What is it about the ancestor thing that people find so seductive?
When I was a snotty teenager and still knew everything, I would have said that people who make a big deal out of their ancestors do it because they have no accomplishments of their own to gloat over. Now that I'm in my golden years, more or less, it seems to me that people who look deeply into their family trees are doing what most of us do all the time, which is to try to make sense out of the world we're in and try to find their own connection to it. Looking backward is one way of doing this.
As I've probably told you, I took out an international membership in Ancestry.com a few months ago in order to track down the Canadians. That's everybody, actually. A hundred and fifty years ago every one of my then living forebears was in Canada. Ancestry.com is a good place to start looking for people back that far, after you talk to your relatives and get some names and places, because they have searchable census records all the way up to 1940 for the U.S. and Canada. I find it easier to sit in my office with a cup of coffee at my elbow than to visit foreign churches for their records and go wading through tick-infested graveyards, the way serious genealogists do. Instead I sit here and collect pretty stories.

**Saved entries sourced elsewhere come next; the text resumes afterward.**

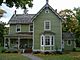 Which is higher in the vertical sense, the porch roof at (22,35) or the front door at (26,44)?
the porch roof at (22,35)

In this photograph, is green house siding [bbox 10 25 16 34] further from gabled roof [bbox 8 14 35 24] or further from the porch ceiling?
the porch ceiling

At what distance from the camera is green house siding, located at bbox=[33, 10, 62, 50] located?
49.7 metres

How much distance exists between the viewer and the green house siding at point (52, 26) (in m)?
49.7

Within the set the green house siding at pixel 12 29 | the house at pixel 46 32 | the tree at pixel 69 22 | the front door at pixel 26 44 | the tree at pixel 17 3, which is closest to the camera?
the tree at pixel 17 3

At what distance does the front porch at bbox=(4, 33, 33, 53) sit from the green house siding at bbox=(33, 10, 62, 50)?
2.82 m

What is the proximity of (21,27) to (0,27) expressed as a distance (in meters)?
14.0

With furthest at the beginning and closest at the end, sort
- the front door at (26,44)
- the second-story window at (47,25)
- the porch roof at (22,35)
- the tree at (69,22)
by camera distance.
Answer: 1. the tree at (69,22)
2. the front door at (26,44)
3. the porch roof at (22,35)
4. the second-story window at (47,25)

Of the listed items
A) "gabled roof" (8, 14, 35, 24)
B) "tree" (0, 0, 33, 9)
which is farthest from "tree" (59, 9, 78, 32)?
"tree" (0, 0, 33, 9)

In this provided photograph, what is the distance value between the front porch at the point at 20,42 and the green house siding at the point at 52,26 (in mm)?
2825

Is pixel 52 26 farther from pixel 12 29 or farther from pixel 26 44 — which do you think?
pixel 12 29

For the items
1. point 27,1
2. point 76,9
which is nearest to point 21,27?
point 76,9

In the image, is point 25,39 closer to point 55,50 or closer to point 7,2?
point 55,50

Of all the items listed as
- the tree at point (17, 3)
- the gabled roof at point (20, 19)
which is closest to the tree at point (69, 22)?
the gabled roof at point (20, 19)

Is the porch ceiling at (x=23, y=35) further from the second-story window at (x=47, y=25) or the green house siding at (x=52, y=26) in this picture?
the second-story window at (x=47, y=25) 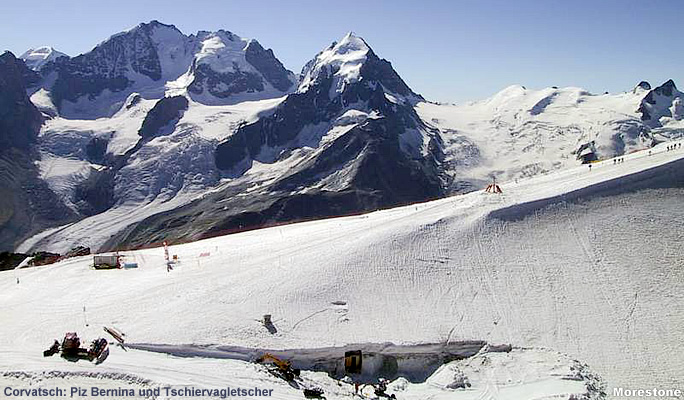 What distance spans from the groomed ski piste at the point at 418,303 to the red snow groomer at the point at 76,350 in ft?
1.96

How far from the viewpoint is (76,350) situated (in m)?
33.6

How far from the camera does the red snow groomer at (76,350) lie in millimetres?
33250

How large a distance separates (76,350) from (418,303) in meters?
24.0

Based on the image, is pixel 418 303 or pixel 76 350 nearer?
pixel 76 350

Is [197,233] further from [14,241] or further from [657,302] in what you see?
[657,302]

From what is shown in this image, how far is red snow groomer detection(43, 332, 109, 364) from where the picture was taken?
3325cm

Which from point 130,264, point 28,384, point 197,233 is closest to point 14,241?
point 197,233

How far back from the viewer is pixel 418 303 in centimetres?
4275

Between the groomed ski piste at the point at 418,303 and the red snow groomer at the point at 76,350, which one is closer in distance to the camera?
the red snow groomer at the point at 76,350

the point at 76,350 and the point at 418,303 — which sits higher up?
the point at 418,303

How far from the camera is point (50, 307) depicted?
42.3 meters

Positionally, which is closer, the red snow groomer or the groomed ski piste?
the red snow groomer

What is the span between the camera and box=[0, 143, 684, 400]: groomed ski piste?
34.1 m

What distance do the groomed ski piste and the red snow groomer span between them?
0.60 m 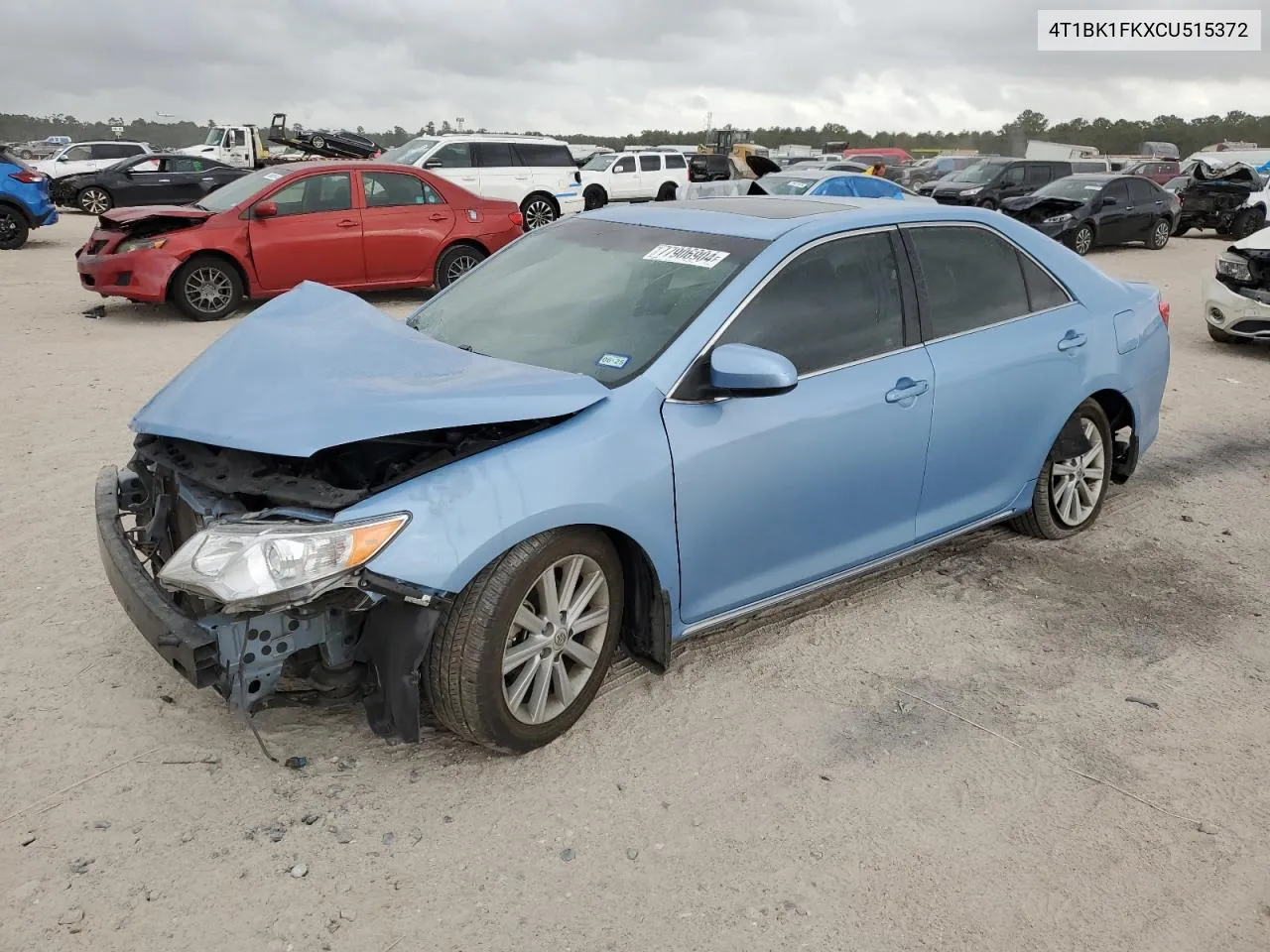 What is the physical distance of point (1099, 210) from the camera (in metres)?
18.0

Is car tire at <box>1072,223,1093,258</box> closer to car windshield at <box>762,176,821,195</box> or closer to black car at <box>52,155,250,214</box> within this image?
car windshield at <box>762,176,821,195</box>

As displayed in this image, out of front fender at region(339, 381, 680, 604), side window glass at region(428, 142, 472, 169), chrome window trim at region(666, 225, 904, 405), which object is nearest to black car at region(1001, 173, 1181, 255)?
side window glass at region(428, 142, 472, 169)

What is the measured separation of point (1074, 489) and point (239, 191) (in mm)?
9187

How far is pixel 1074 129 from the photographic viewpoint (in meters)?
88.1

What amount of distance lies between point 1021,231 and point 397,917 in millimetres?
3804

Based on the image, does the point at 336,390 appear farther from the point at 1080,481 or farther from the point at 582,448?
the point at 1080,481

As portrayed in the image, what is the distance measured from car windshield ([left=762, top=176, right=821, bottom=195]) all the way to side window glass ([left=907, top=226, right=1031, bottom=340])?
12871mm

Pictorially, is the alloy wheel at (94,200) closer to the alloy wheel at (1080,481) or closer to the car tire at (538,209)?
the car tire at (538,209)

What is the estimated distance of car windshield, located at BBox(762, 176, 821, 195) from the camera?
17016 mm

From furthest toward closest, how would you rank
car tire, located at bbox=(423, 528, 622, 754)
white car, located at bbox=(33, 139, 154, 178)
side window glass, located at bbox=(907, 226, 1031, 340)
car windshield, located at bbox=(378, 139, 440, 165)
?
white car, located at bbox=(33, 139, 154, 178) < car windshield, located at bbox=(378, 139, 440, 165) < side window glass, located at bbox=(907, 226, 1031, 340) < car tire, located at bbox=(423, 528, 622, 754)

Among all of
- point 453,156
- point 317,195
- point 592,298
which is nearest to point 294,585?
point 592,298

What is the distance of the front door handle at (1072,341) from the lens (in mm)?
4484

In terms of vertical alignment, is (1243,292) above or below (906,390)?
below

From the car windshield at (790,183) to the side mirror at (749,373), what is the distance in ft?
46.8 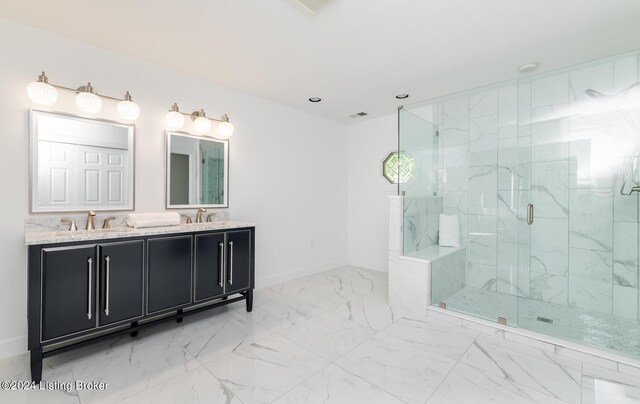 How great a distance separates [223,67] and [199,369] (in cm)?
248

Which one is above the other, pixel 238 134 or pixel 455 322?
pixel 238 134

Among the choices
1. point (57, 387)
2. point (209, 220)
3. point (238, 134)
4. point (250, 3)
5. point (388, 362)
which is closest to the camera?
point (57, 387)

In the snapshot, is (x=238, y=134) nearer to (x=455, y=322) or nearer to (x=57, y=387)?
(x=57, y=387)

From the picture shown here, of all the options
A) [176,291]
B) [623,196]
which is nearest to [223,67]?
[176,291]

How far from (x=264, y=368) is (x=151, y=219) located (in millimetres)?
1464

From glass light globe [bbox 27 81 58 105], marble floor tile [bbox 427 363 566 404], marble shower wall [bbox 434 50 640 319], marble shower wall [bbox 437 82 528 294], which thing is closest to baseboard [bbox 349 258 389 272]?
marble shower wall [bbox 437 82 528 294]

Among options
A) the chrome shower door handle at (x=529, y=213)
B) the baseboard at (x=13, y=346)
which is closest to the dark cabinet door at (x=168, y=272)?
the baseboard at (x=13, y=346)

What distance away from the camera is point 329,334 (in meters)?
2.28

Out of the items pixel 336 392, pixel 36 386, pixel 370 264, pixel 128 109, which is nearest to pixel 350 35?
pixel 128 109

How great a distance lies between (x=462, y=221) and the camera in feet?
11.1

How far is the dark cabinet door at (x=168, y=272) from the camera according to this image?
6.81ft

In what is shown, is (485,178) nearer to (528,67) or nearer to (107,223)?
(528,67)

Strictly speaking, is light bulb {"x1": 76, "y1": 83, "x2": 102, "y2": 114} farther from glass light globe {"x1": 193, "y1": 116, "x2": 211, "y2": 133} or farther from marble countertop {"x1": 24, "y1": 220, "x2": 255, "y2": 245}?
marble countertop {"x1": 24, "y1": 220, "x2": 255, "y2": 245}

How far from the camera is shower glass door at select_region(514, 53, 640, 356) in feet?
7.68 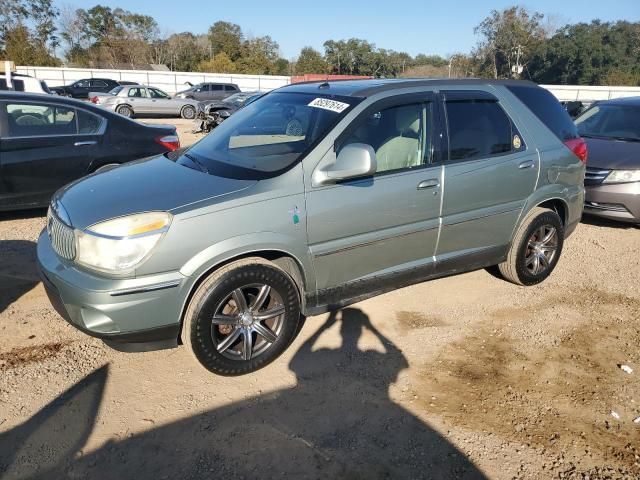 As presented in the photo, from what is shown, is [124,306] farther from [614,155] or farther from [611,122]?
[611,122]

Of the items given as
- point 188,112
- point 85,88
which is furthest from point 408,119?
point 85,88

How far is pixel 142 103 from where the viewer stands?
76.8ft

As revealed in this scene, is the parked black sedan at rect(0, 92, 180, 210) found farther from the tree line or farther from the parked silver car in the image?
the tree line

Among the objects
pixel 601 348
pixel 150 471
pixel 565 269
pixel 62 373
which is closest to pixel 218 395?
pixel 150 471

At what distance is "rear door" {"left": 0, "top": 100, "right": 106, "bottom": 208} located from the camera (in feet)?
18.7

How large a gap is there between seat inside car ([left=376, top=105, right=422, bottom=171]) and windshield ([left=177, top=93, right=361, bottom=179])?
387mm

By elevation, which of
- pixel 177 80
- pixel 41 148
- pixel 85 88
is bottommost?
pixel 41 148

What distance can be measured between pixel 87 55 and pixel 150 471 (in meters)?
74.3

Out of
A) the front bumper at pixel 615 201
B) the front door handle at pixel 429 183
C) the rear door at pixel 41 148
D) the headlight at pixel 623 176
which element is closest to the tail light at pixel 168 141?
the rear door at pixel 41 148

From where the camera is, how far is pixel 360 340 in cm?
376

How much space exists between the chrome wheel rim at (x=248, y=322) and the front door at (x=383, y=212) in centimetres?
37

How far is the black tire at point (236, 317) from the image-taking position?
3.02 m

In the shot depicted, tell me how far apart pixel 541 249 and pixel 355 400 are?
2.68 m

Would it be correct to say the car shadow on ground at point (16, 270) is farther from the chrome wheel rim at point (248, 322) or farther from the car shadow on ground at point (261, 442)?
the chrome wheel rim at point (248, 322) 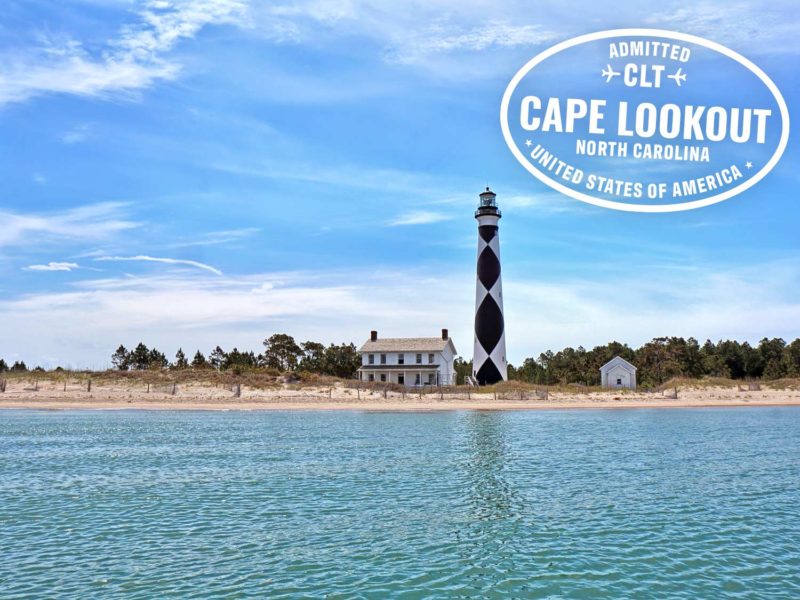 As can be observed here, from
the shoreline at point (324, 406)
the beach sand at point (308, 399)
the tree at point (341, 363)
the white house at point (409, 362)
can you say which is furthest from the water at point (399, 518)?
the tree at point (341, 363)

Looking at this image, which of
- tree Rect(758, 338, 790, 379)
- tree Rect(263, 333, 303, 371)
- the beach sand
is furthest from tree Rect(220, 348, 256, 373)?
tree Rect(758, 338, 790, 379)

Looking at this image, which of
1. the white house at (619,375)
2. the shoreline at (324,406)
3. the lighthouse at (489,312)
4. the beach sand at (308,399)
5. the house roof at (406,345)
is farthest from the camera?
the house roof at (406,345)

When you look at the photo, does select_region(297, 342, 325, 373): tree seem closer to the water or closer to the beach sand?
the beach sand

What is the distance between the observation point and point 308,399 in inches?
2293

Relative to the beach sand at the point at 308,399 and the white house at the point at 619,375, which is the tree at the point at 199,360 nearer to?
the beach sand at the point at 308,399

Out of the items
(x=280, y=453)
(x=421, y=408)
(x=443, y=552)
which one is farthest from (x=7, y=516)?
(x=421, y=408)

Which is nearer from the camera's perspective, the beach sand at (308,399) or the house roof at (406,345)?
the beach sand at (308,399)

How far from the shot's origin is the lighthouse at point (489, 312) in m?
64.9

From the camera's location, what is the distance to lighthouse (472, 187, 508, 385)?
6494 cm

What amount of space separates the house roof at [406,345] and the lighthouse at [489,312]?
24.9 ft

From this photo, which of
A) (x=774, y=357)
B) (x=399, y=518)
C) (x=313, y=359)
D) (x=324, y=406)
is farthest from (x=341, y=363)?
(x=399, y=518)

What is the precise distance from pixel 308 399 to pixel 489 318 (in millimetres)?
19846

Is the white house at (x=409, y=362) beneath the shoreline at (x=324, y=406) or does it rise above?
above

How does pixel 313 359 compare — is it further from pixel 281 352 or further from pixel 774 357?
pixel 774 357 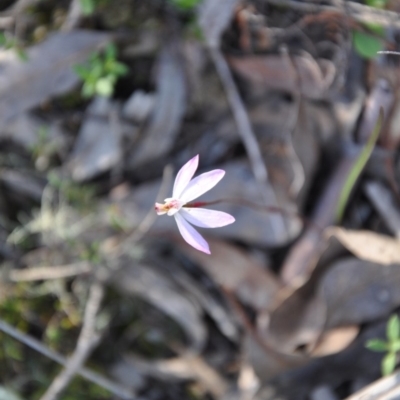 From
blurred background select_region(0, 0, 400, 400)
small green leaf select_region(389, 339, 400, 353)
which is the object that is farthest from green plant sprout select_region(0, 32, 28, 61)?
small green leaf select_region(389, 339, 400, 353)

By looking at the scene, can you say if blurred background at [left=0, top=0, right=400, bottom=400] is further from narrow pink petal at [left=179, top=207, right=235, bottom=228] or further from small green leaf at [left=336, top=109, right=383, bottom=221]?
narrow pink petal at [left=179, top=207, right=235, bottom=228]

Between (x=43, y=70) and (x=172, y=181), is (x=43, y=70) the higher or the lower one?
the higher one

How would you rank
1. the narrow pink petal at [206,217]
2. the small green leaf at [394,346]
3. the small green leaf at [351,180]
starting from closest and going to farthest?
the narrow pink petal at [206,217]
the small green leaf at [394,346]
the small green leaf at [351,180]

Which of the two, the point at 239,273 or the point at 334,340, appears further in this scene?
the point at 239,273

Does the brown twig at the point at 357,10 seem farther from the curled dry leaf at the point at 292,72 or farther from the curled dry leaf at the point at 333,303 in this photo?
the curled dry leaf at the point at 333,303

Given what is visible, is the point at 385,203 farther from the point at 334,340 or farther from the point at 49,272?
the point at 49,272

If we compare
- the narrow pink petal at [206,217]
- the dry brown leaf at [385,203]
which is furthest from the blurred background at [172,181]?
the narrow pink petal at [206,217]

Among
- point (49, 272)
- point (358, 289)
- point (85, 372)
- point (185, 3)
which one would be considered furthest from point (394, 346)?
point (185, 3) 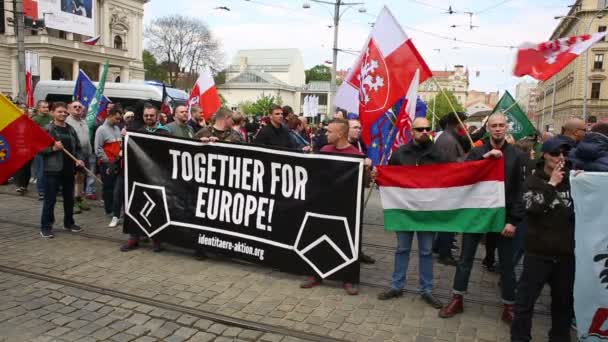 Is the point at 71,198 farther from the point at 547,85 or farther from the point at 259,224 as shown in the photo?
the point at 547,85

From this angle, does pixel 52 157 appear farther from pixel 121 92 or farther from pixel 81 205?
pixel 121 92

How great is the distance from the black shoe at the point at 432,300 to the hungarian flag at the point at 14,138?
5685mm

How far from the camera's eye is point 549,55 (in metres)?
5.72

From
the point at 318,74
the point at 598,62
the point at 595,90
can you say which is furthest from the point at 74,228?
the point at 318,74

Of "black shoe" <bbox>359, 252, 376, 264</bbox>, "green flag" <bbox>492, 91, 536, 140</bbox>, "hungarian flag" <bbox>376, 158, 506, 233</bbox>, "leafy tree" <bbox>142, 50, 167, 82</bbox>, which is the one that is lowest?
"black shoe" <bbox>359, 252, 376, 264</bbox>

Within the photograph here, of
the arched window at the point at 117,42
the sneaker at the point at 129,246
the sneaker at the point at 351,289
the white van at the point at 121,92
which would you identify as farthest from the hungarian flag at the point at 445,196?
the arched window at the point at 117,42

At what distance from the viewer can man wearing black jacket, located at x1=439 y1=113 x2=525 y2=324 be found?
4.55 metres

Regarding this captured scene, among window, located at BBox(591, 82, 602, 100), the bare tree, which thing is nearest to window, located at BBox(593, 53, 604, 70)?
window, located at BBox(591, 82, 602, 100)

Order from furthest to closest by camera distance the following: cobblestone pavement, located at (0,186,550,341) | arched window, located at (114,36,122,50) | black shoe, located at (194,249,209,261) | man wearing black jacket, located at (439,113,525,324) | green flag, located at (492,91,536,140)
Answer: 1. arched window, located at (114,36,122,50)
2. green flag, located at (492,91,536,140)
3. black shoe, located at (194,249,209,261)
4. man wearing black jacket, located at (439,113,525,324)
5. cobblestone pavement, located at (0,186,550,341)

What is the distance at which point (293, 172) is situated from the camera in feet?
17.7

The census records are fascinating. They will show you the records themselves, written in the (sometimes nearly illegible) hand of the very census taker who stood on the doorstep and talked to your great-great-grandfather in Dumfries, New Brunswick, Canada, with all your little collateral relations peeking around his knees. It is startling to note that the old boy changed the way he spelled his name every ten years, as well as his country of origin. Welsh? Irish? Makes you wonder.
For the stories of the famous, I have to search the wide internet and read books rather than take on faith anything I get from Ancestry.com. People on my mother's side were famous. You know about the witch, right? Not a witch, a sweet old lady caught up in the unpleasantness in Salem. There were other famous people in that line. My mother's father's folks settled Massachusetts and Rhode Island in the days when everybody had ten or more children, so I have all these distant cousins keeping their names alive. Major Samuel Eelles. I understand there's a whole society of his descendants, with regular meetings and everything. I could join, I guess. What is he famous for? He is said to have assisted in the escape from England of two of the regicide judges who signed the warrant to chop off the head of King Charles I, when Charles II came to power.
Was that a good deed or a bad deed? Depends which side you're on. Passions ran very high in those days. And speaking of judging people, one of the things I've encountered on Ancestry.com comes from some distant cousin in Texas who insists on branding every person who went to Cornwallis, Nova Scotia, in 1760 with a big label: "NOT A PATRIOT." That's because they resettled themselves before 1776, I guess, and so balked this person's desire to become a Son of the American Revolution. But how can he say they weren't patriots? They might have been Canadian patriots. I wonder if this guy is part of the movement for Texan secession. That makes him not a patriot, either.
And so it goes. Am I any more comfortable in my skin for having discovered who I inherited it from? Couldn't say. I have found out, however, that I'm not necessarily descended from the Viking kings of Denmark, which is too bad, since I greatly enjoyed my fleeting association with them. I'll keep you posted if I find any more good stories.